How to avoid intrusion detection/anti spoofing issue on a sonicwall TZ series FW
- by Ian
We have a sonicwall tz series FW with two internet service providers connected.
One of the providers has a wireless service which works a bit like an ethernet switch in that we have an ip with a /24 subnet and the gateway is .1. All other clients on the same subnet (say 195.222.99.0) have the same .1 gateway - this is important, read on.
Some of our clients are also on the same subnet.
Our config:
X0 : Lan
X1 : 89.90.91.92
X2 : 195.222.99.252/24 (GW 195.222.99.1)
X1 and X2 are not connected, other than both being connected to the public Internet.
Client config:
X1 : 195.222.99.123/24 (GW 195.222.99.1)
What fails, what works:
Traffic 195.222.99.123 (client) <- 89.90.91.92 (X1) : Spoof alert
Traffic 195.222.99.123 (client) <- 195.222.99.252 (X1) : OK - no
spoof alert
I have several clients with IPs in the 195.222.99.0 range and all provoke identical alerts.
This is the alert I see on the FW:
Alert Intrusion Prevention IP spoof dropped 195.222.99.252, 21475, X1 89.90.91.92, 80, X1 MAC address: 00:12:ef:41:75:88
Anti-spoofing is switched off on my FW (network-mac-ip-anti-spoofing - config for each interface) for all ports
I can provoke the alerts by telneting to a port on X1 from the clients.

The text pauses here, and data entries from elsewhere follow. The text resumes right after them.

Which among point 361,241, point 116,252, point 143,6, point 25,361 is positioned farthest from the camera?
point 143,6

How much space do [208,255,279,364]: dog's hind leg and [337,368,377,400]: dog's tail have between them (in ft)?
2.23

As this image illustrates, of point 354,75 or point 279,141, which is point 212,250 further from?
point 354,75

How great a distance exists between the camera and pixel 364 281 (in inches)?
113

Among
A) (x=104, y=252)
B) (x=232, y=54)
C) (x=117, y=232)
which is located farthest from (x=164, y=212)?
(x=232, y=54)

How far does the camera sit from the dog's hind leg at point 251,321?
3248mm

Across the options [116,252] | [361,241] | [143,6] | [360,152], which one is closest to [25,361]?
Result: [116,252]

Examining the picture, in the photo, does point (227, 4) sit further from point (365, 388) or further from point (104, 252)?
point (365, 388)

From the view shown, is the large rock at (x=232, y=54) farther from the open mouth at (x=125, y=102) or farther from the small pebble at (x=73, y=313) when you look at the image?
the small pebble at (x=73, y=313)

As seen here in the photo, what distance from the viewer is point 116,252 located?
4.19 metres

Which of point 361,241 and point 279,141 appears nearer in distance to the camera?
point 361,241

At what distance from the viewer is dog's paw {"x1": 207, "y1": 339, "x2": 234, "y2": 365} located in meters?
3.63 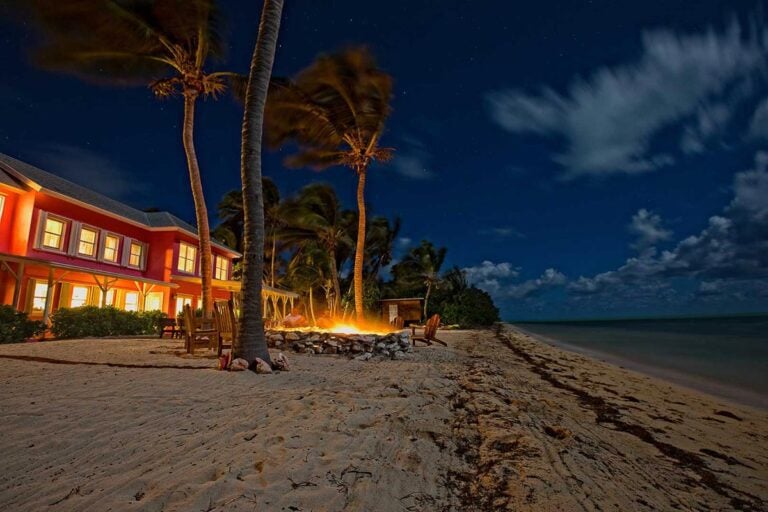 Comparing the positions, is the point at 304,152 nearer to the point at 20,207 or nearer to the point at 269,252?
the point at 20,207

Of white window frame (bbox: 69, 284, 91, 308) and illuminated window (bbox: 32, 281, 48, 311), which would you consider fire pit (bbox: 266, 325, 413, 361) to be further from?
white window frame (bbox: 69, 284, 91, 308)

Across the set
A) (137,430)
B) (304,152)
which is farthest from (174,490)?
(304,152)

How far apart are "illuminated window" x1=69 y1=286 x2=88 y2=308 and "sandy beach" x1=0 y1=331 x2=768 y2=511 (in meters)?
10.9

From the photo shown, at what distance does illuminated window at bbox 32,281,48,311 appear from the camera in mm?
12703

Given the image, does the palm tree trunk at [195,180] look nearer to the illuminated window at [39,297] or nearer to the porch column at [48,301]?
the porch column at [48,301]

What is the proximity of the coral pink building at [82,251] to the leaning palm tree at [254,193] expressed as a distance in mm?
9786

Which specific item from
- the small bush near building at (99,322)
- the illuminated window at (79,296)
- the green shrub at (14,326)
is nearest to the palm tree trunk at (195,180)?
the small bush near building at (99,322)

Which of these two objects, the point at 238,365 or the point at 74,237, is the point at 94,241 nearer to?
the point at 74,237

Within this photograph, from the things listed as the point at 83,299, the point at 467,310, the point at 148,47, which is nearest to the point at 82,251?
the point at 83,299

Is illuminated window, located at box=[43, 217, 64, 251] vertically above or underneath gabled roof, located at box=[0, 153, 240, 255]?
underneath

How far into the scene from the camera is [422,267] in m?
34.4

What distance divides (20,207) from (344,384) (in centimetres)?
1478

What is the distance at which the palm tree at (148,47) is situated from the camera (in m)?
10.5

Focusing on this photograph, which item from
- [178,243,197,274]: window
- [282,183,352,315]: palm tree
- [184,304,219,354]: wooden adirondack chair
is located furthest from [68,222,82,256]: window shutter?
[282,183,352,315]: palm tree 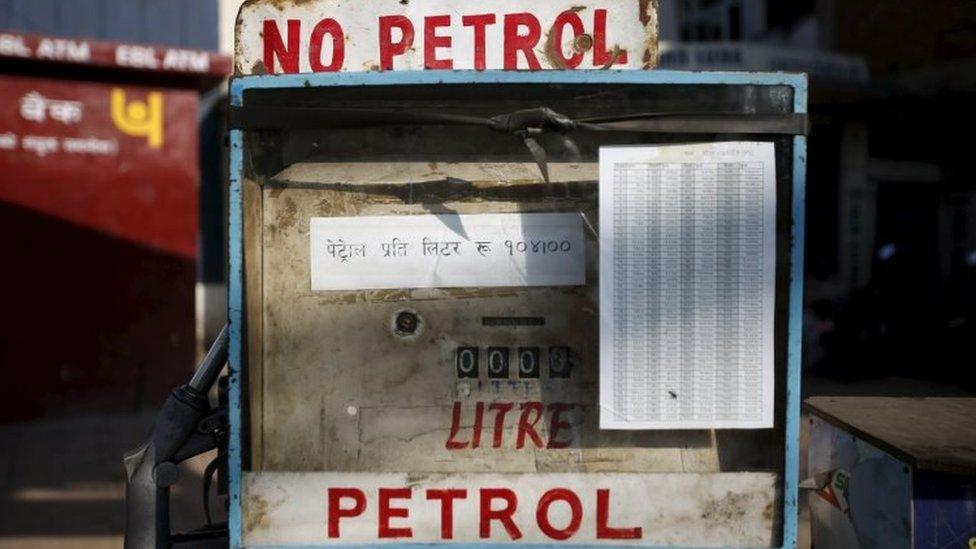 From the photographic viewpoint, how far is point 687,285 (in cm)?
172

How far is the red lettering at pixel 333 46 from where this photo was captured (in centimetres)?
194

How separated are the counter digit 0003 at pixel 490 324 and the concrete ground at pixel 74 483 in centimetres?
281

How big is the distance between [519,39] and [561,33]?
0.09 metres

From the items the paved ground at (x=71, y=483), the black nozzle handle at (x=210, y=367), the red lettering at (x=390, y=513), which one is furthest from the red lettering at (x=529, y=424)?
the paved ground at (x=71, y=483)

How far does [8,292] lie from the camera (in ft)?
21.5

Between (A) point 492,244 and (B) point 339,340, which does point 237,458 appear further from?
(A) point 492,244

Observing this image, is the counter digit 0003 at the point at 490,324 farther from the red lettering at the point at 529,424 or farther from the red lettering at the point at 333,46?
the red lettering at the point at 333,46

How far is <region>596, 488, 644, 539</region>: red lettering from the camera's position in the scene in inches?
68.1

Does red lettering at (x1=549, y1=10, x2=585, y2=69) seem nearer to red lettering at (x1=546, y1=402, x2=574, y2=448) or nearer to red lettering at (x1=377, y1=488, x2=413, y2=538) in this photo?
red lettering at (x1=546, y1=402, x2=574, y2=448)

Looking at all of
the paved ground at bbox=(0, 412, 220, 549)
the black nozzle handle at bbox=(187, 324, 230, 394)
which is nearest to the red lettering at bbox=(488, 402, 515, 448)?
the black nozzle handle at bbox=(187, 324, 230, 394)

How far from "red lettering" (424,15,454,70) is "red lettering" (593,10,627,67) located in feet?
1.01

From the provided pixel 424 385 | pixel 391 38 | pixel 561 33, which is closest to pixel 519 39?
pixel 561 33

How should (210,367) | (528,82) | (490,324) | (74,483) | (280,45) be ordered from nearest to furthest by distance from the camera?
(528,82), (490,324), (280,45), (210,367), (74,483)

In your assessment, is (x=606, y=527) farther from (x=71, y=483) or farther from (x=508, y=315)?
(x=71, y=483) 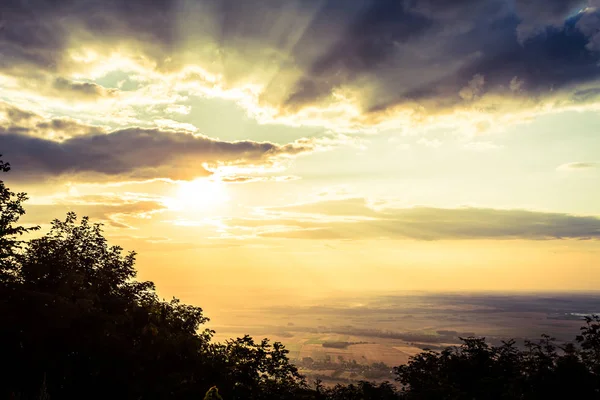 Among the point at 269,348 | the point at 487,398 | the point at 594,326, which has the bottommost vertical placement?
the point at 487,398

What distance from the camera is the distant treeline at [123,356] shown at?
944 inches

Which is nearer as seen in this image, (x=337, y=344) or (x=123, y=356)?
(x=123, y=356)

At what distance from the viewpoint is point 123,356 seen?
1035 inches

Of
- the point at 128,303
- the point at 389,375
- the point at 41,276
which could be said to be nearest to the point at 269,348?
the point at 128,303

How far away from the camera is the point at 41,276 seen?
28.1m

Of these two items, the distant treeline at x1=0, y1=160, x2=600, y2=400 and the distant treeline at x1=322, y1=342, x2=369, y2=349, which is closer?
the distant treeline at x1=0, y1=160, x2=600, y2=400

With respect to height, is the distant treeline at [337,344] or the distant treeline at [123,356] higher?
the distant treeline at [123,356]

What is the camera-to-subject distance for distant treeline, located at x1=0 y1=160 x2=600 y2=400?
78.6ft

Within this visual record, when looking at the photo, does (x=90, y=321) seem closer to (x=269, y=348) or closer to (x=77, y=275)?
(x=77, y=275)

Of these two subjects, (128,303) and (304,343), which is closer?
(128,303)

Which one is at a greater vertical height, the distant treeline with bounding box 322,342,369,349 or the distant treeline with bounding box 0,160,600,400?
the distant treeline with bounding box 0,160,600,400

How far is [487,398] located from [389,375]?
84.9 m

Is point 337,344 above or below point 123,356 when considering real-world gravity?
below

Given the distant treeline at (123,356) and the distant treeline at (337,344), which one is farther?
the distant treeline at (337,344) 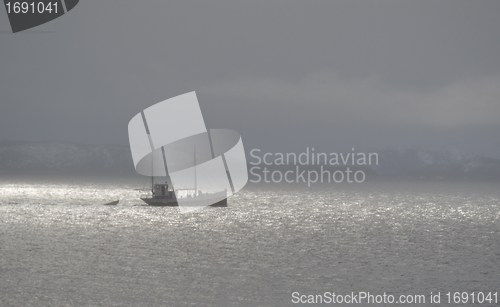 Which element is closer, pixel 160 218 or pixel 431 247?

You can't argue with the logic - this is suspicious traffic. X1 is receiving traffic with a source IP which corresponds to X2s subnet.
Anyone know how can I tell the FW that packets with a src subnet of 195.222.99.0 can legitimately appear on X1?
I know whats going wrong, I've seen the same thing before, but with higher end FWs you can avoid this with a few extra rules. I can't see how to do this here.
And before you ask why we're using this service provider - they give us 3ms (yep 3ms, thats not an error) delay between routers.